The Police Department said they are monitoring public protest events. “We aim to work with organizers to ensure protests and marches on public property are protected by the First Amendment, and permits or permission from local authorities are not required.

“Our goal is to keep participants in the events safe, as well as residents and visitors in the area of the event. This may include closing roads briefly in order to ensure the safety of pedestrians and motorists,” Sgt. Meghan Lehman said in a press release.

“We encourage residents to carefully vet the information they are receiving about local protests, as we’re aware that much misinformation exists. Some of this misinformation may be intended to stoke fear.

“We continue to support peaceful protests but will never tolerate the destruction of property, violence or crime,” Lehman said.

“Should the Troy Police Department ever become aware of a threat to the safety of our community, we will take swift action to protect the community and notify citizens whenever feasible and appropriate.

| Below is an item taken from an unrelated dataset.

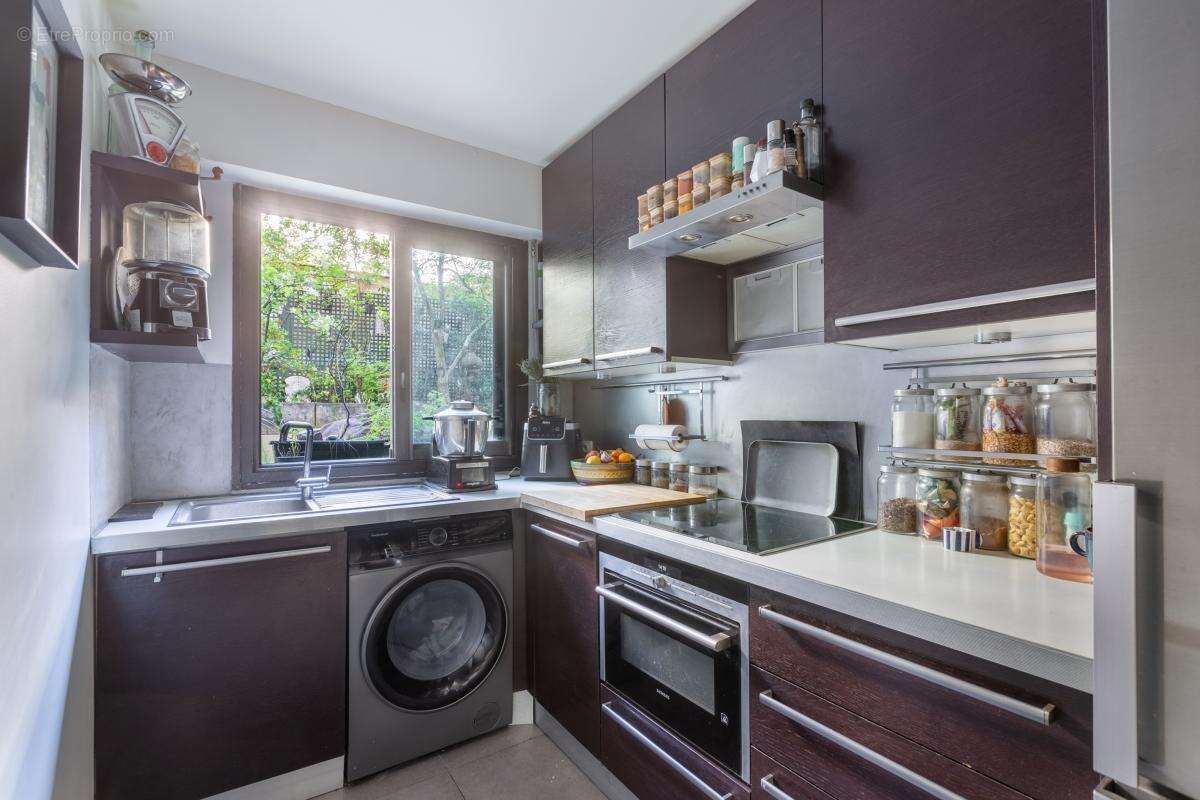 Appartement à LEVALLOIS-PERRET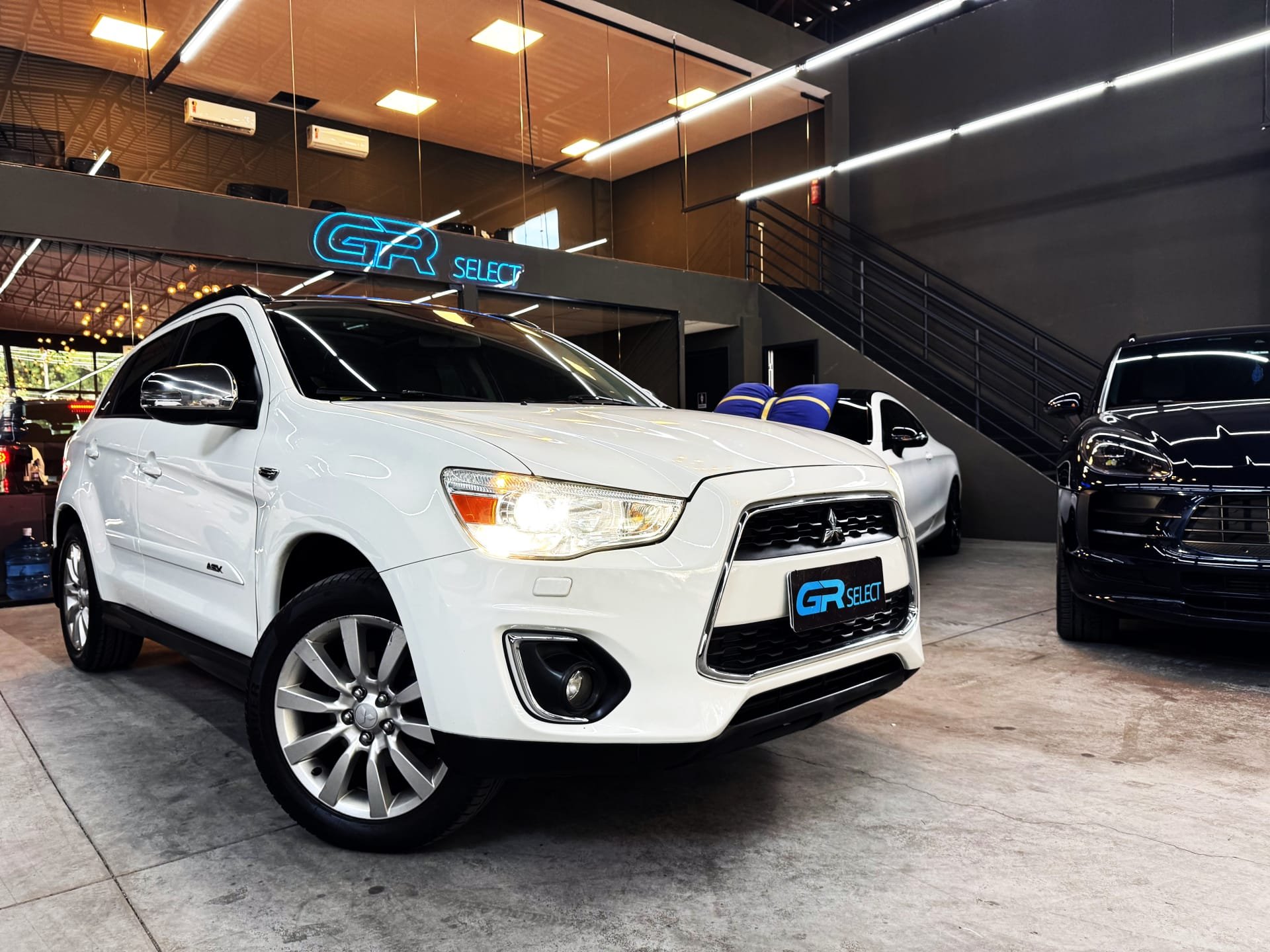 Mitsubishi ASX 2.0 16V 4x4 Flex Aut. na cor Branco em Florianópolis / SC - 11532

“The Troy Police Department has access to extensive resources, including assistance from numerous other departments, should we become aware of any violent or volatile events coming to Troy,” Lehman said. “The Troy Police Department has extensive training in tactical response to threats, as well as response to civil unrest.”

 

Troy police talk about training
Each Troy Police Department employee has completed a thorough Fair and Impartial Policing course, Sgt. Meghan Lehman said. The curriculum used by the Troy Police Department “helps officers recognize our own biases, know how to implement controlled (unbiased) behavioral responses and learn de-escalation techniques,” Lehman said.

Lehman said the Troy Police Department has long recognized the need for de-escalation and implicit bias training. Troy police implemented this training five years ago, though it was not required by the Michigan Commission on Law Enforcement Standards. Within the past week, a bill for mandatory police de-escalation training was introduced to the Michigan Senate, Lehman said.

“We also train officers in community policing, mental health and autism awareness, and more. Since at least 2011, we have trained officers in proper response to mental illness and autism awareness,” Lehman said.

 

Use of force scrutinized
All use of force incidents in the Troy Police Department are documented and investigated, Sgt. Meghan Lehman said. She explained that, in  every single instance where force was used by a Troy officer, it is reviewed through the chain of command, with the chief of police personally reviewing the investigation of each case.

Lehman said that, in the death of George Floyd, there were tactics observed that are not authorized by the Troy Police Department.

“All Troy officers have been trained in proper defensive tactics and have received training regarding positional asphyxia,” Lehman said. “This topic is routinely discussed and reviewed during ongoing defensive tactics instruction.”